ASSIGNED TASK - Repeat the records in full. No pictures belong in the copy.

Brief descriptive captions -

▼

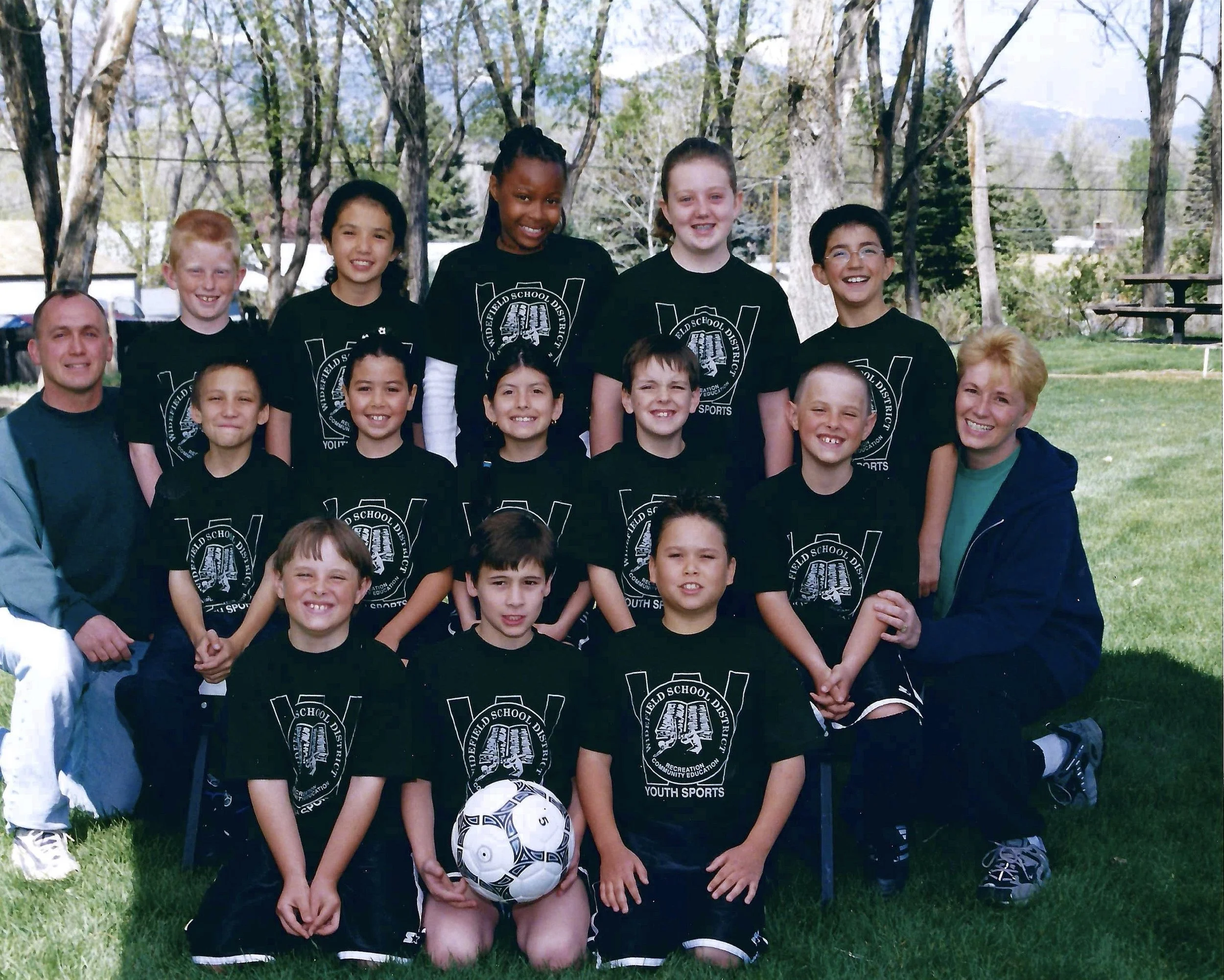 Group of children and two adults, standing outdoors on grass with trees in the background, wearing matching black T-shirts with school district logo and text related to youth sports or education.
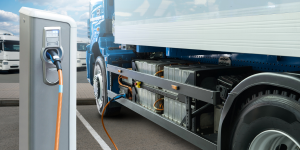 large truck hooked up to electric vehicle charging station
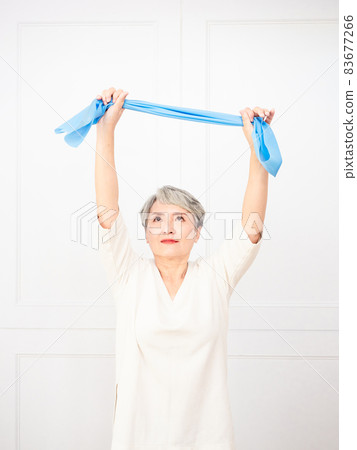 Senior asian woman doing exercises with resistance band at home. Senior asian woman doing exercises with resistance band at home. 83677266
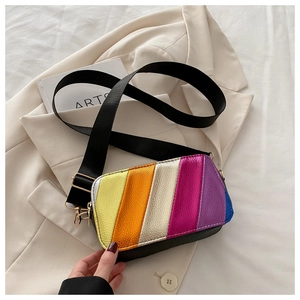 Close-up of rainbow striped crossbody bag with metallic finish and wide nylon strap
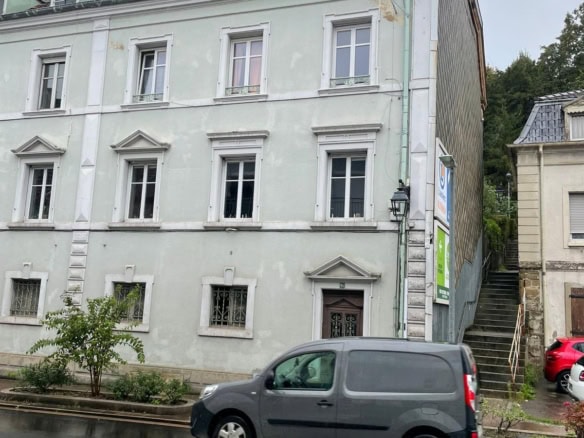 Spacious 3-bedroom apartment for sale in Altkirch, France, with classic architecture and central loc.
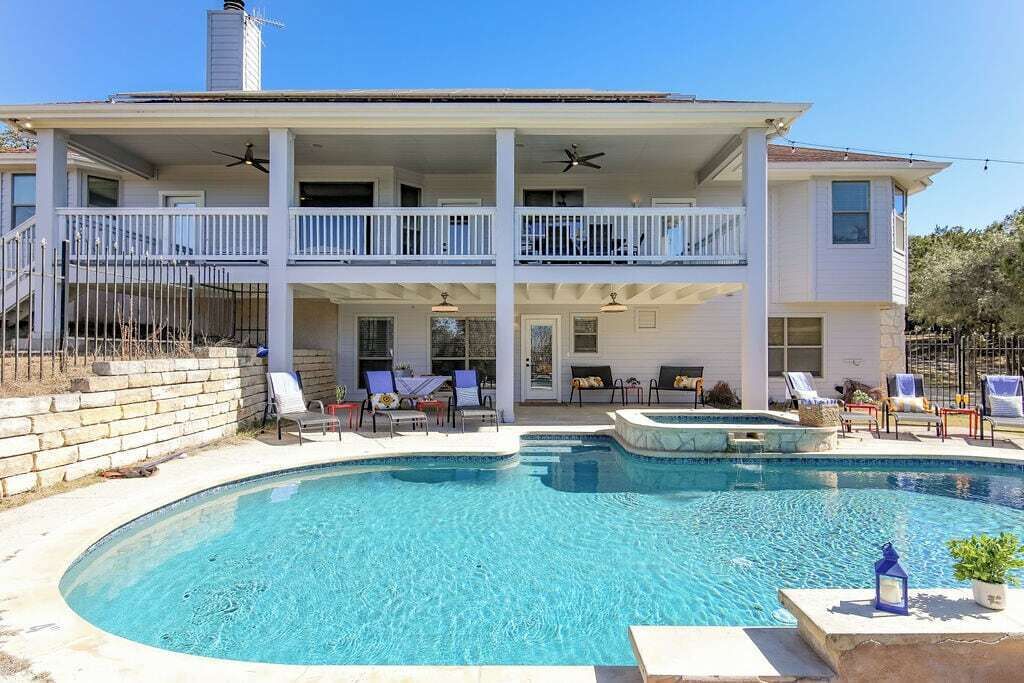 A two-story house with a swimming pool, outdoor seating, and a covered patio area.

▲

RESULT OF THE TASK -
 Group of children and two adults, standing outdoors on grass with trees in the background, wearing matching black T-shirts with school district logo and text related to youth sports or education.
 large truck hooked up to electric vehicle charging station
 Senior asian woman doing exercises with resistance band at home. Senior asian woman doing exercises with resistance band at home. 83677266
 Close-up of rainbow striped crossbody bag with metallic finish and wide nylon strap
 Spacious 3-bedroom apartment for sale in Altkirch, France, with classic architecture and central loc.
 A two-story house with a swimming pool, outdoor seating, and a covered patio area.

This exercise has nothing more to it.